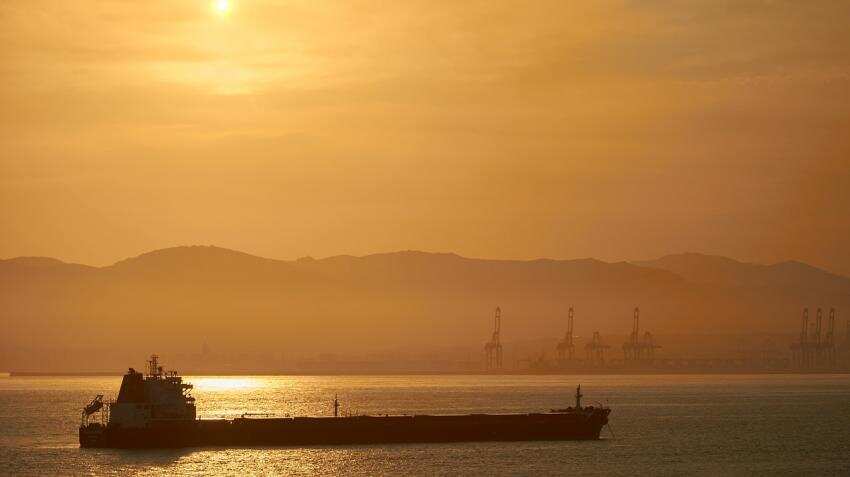 India to receive first ever shipment of US oil tomorrow India to receive first ever shipment of US oil tomorrow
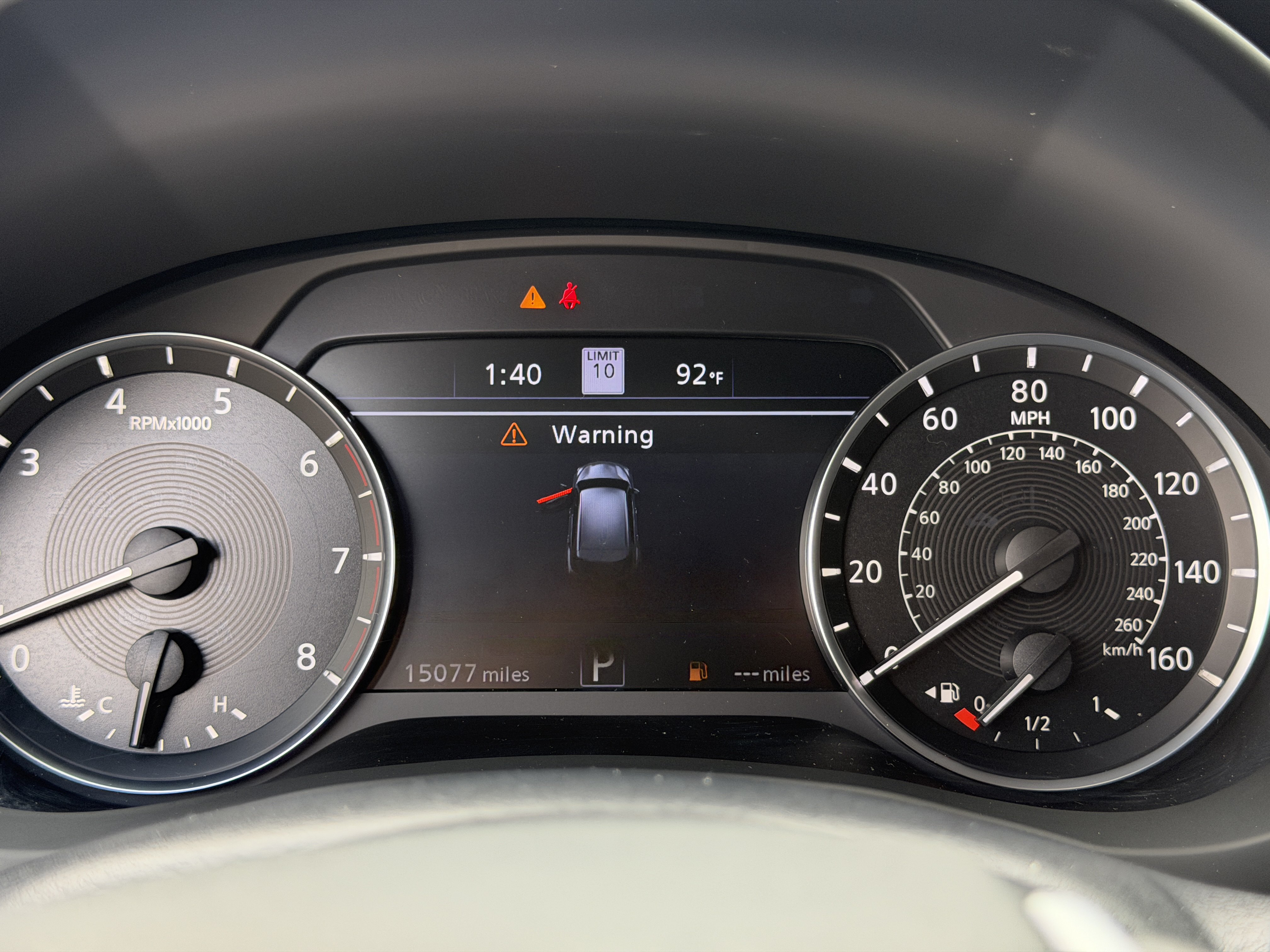 Certified 2023 INFINITI QX50 Sport FWD image 37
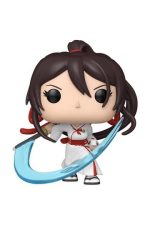 Funko POP! Animation Hell's Paradise Sagiri #2279 - Image 2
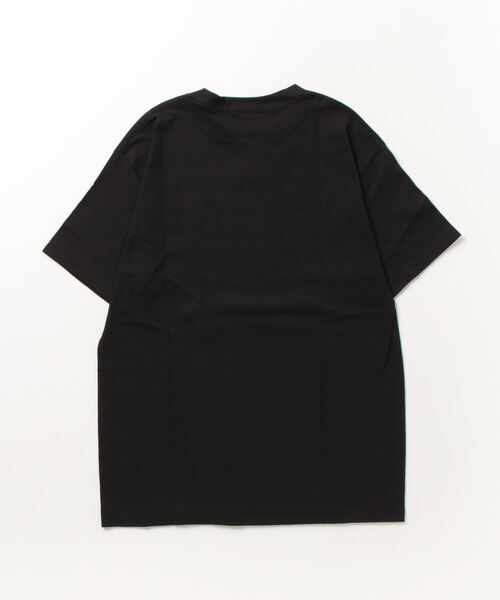 FTC（エフティーシー）の「FAST PASS TEE（Tシャツ/カットソー・メンズ・ホワイト/ブラック/クリーム・LARGE/MEDIUM）」の4枚目の写真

- **What is needed**
Your answer should be the lines from the line containing "Certified 2023 INFINITI" through the end of the listing above, output exactly and alone, without the pictures.

- **Response to this exercise**
 Certified 2023 INFINITI QX50 Sport FWD image 37
 Funko POP! Animation Hell's Paradise Sagiri #2279 - Image 2
 FTC（エフティーシー）の「FAST PASS TEE（Tシャツ/カットソー・メンズ・ホワイト/ブラック/クリーム・LARGE/MEDIUM）」の4枚目の写真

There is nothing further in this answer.